START Input material

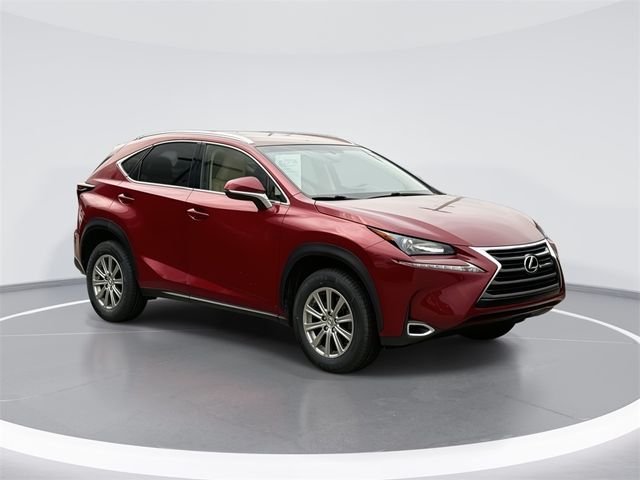 2016 Lexus NX 200t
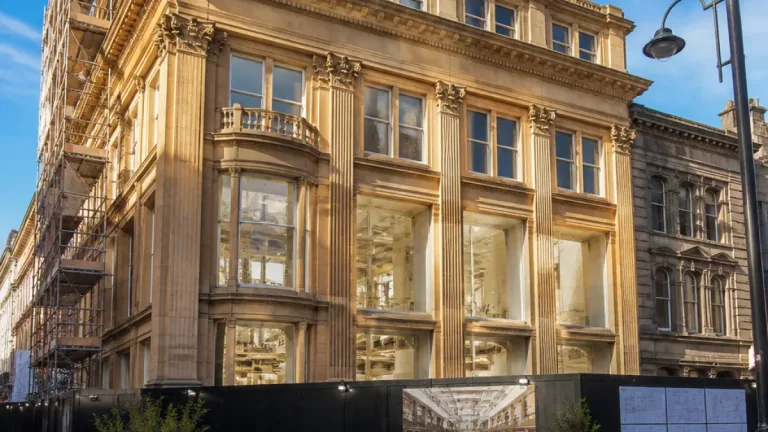 The Ivy to bring celebrity dining and sister Asian brand to landmark Grey Street building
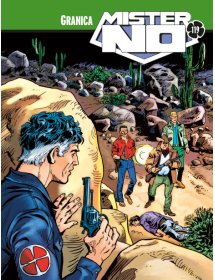 Mister No, 119. knjiga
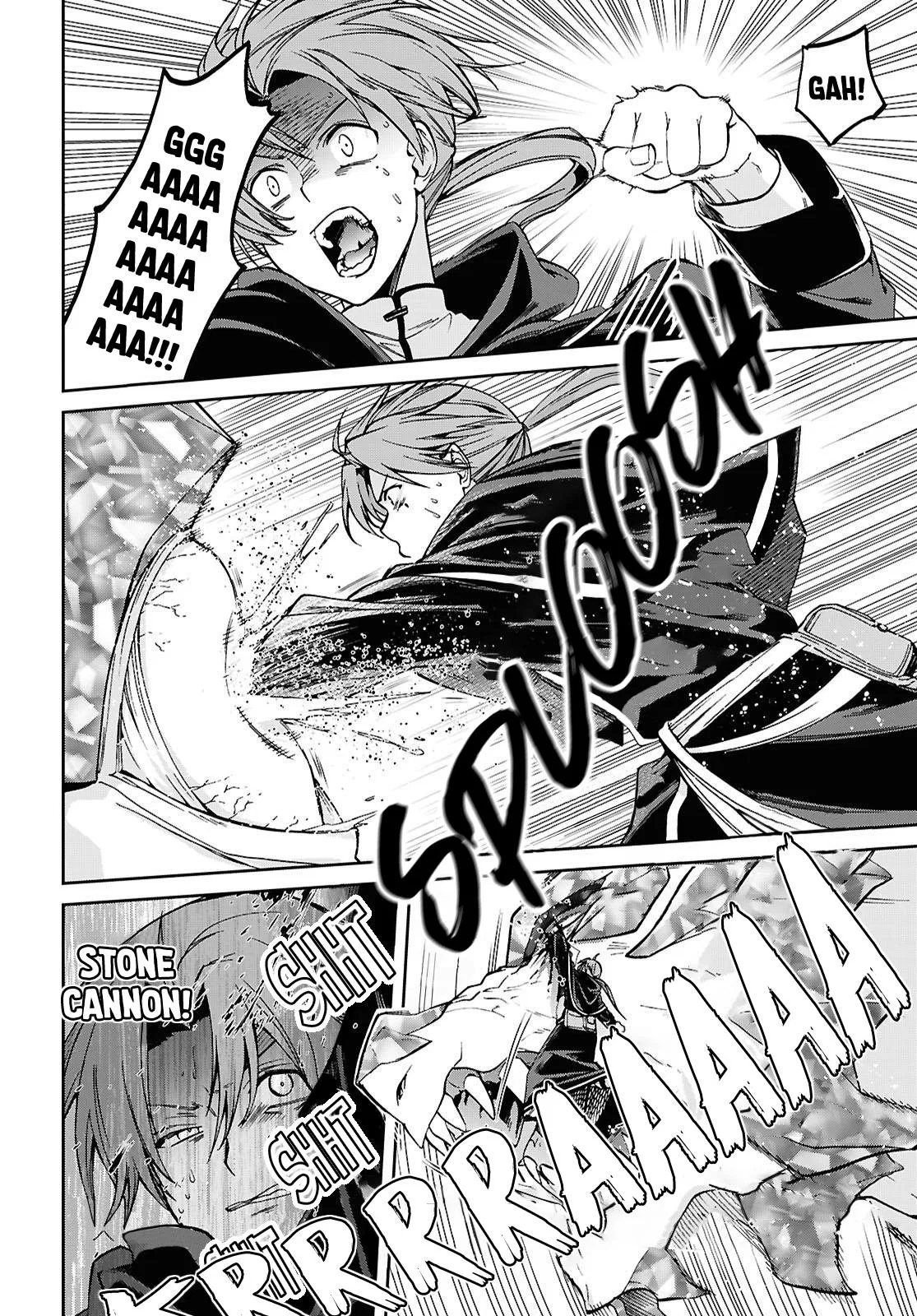 Anime – Mushoku Tensei: Jobless Reincarnation Chapter 110 – Page 26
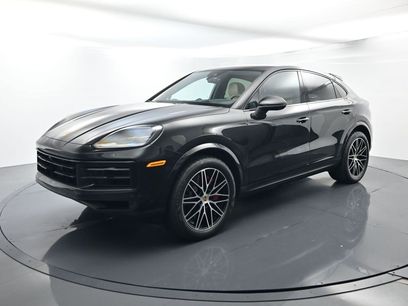 Used 2024 Porsche Cayenne S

END Input material

__What you will do__
Output every line above exactly as it stands, and drop any picture.

__Task answer__
 2016 Lexus NX 200t
 The Ivy to bring celebrity dining and sister Asian brand to landmark Grey Street building
 Mister No, 119. knjiga
 Anime – Mushoku Tensei: Jobless Reincarnation Chapter 110 – Page 26
 Used 2024 Porsche Cayenne S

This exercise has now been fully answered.